The Art of Food

Food is a wonderful gift that comes in too many assortments to name. Do you make time during your day to eat a meal and fully enjoy it or do you eat on the run? When was the last time you set a place setting for yourself and your family? Do you eat when you are hungry or find yourself eating because of boredom, depression, anger, and/or sexual frustration? Maybe it’s all of the above. Here are some anecdotes conveying enjoyment and awareness of what you eat.

 At just five years old I learned about the art of food. My grandfather (who I called poppa) had such a warm, generous, loving spirit and a special place in my heart. I adored him. He owned a bar and grill in Fairfield, Ct. for most of his life. Actually that is how he supported my father, my Aunt Reba, and my Grandmother (who I called momma). My great grandfather was a baker as well, so I guess our love of food ran in the family.

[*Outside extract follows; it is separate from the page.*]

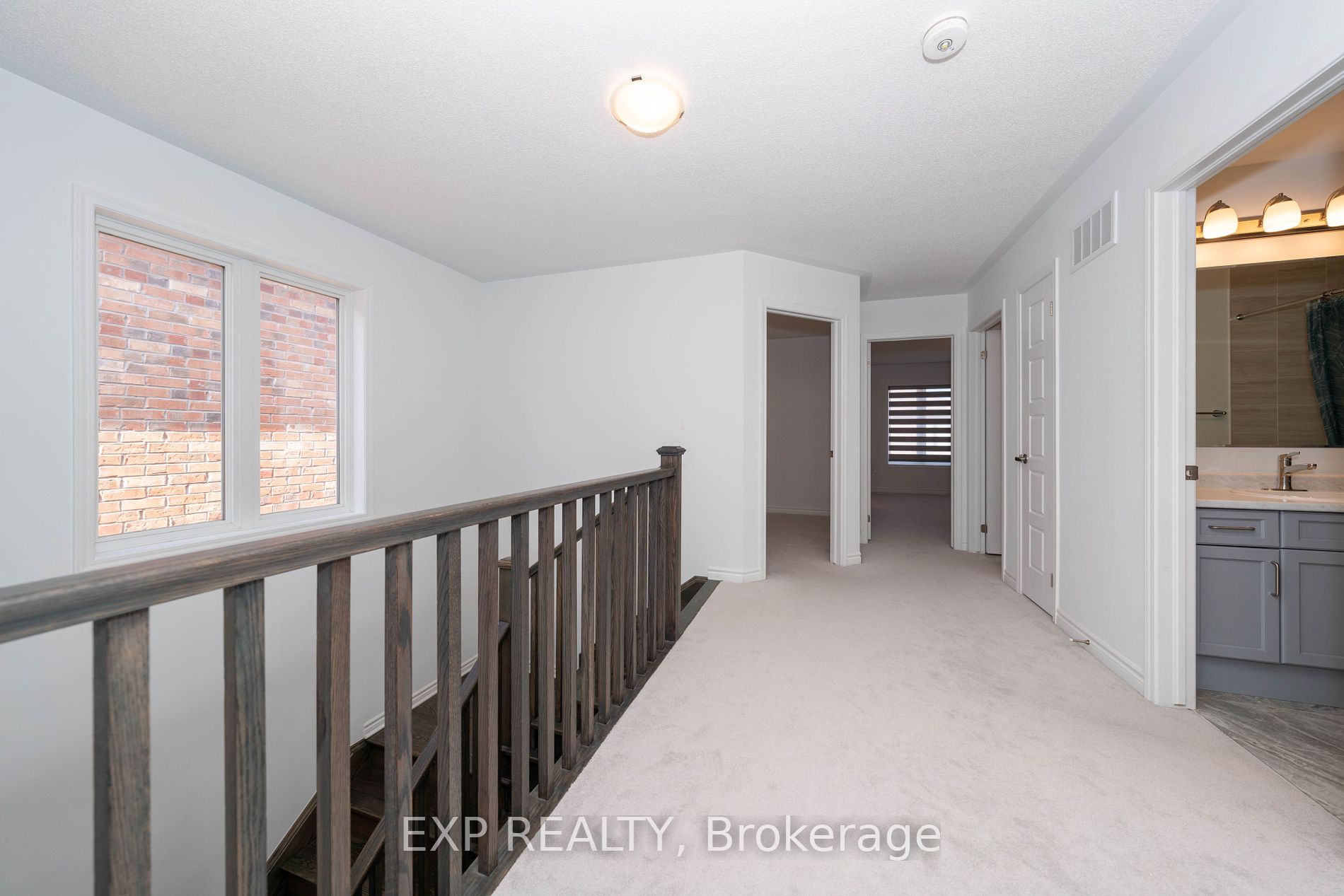 558 Kennedy Circ W Property Photo 16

I loved sleep over’s at my momma and poppa’s house. They made me feel like a real princess. My poppa would make breakfast for me in the mornings.  The first thing he would do was to take out my momma’s fine china and have me set the table with sterling silverware, cloth napkins and Lalique glasses. I remember saying  “Poppa, it’s breakfast. Why are we setting the table?” He replied, “Because we are eating and breakfast is just as important as dinner.” I will never forget that.  It was then that I learned the importance of all three meals. On the plate, he strategically placed 3 to 4 prunes, a piece of fresh fruit cut with finesse (similar to a sushi chef) and eggs. He made eggs an event and a lot of fun. Sunny side up with a toasted bagel, lox, cream cheese and capers was my favorite….except for, maybe, the capers. He taught me to savor the food. “Betsy, I want you to taste what you are eating and enjoy each bite. No one is going to take it away from you so SLOW DOWN, eat it, and enjoy it,” he would say. I think many people just shovel it in so they can move onto something “more important” or because they’re afraid someone will take it away before they’re finished. Is that something you do?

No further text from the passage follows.